Дорогами Чингисхана
Шрифт:
К несчастью, городок оказался курортом, хотя и находился в центре Монголии. Река стекала с крутого склона горы, на правом ее берегу находились горячие источники, выпускавшие облака пара. На другой стороне реки стоял кошмарного вида санаторий-коробка, построенный по стандартам дешевой советской архитектуры. Он уже успел прийти в запустение. Дальше по берегу, дополняя картину, стояли три-четыре десятка мрачных деревянных хижин, раскрашенных в некогда кричащие цвета, а ныне облезлых и выцветших. Наш дневной переход был окончен, и мы искали место, где бы встать лагерем и дать отдых лошадям. Но Ариунболд заставил нас прождать полтора часа, пока он пропадал в санатории. Бюрократ до мозга костей, он пожелал засвидетельствовать свое присутствие сотрудникам администрации и посоветоваться с ними. Уезжая,
Оказалось, что администрации санатория нечего нам предложить; видеть Ариунболда они тоже не захотели, судя по тому, что, вернувшись, он торжественно заявил, что получил разрешение разбить лагерь на дальнем берегу.
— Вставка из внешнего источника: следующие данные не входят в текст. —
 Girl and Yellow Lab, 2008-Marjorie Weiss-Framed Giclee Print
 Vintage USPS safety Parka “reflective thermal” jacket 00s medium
А поскольку дальний берег представлял собой обычный монгольский пейзаж и тянулся, никем не занятый, на сотни миль, переговоры с администрацией были явно провальными.
Мы поставили лагерь и помогли Доку наловить для рыбалки кузнечиков. Весь день кузнечики миллионами скакали по лугу, согретому солнцем. Их было так много, что они гроздьями взлетали из-под копыт при каждом шаге. Казалось, будто лошади идут по мелкой, зацветшей воде, а из-под копыт разлетаются зеленые брызги. Кузнечики другого вида, размером с обычного сверчка, встречавшиеся как правило поодиночке, имели странное обыкновение внезапно выпрыгивать на нас из травы и зависать в воздухе, трепеща крыльями и издавая громкие стрекочущие звуки. Эти звуки напоминали часовой механизм бомбы анархистов из мультфильмов, так что я невольно напрягался, ожидая взрыва.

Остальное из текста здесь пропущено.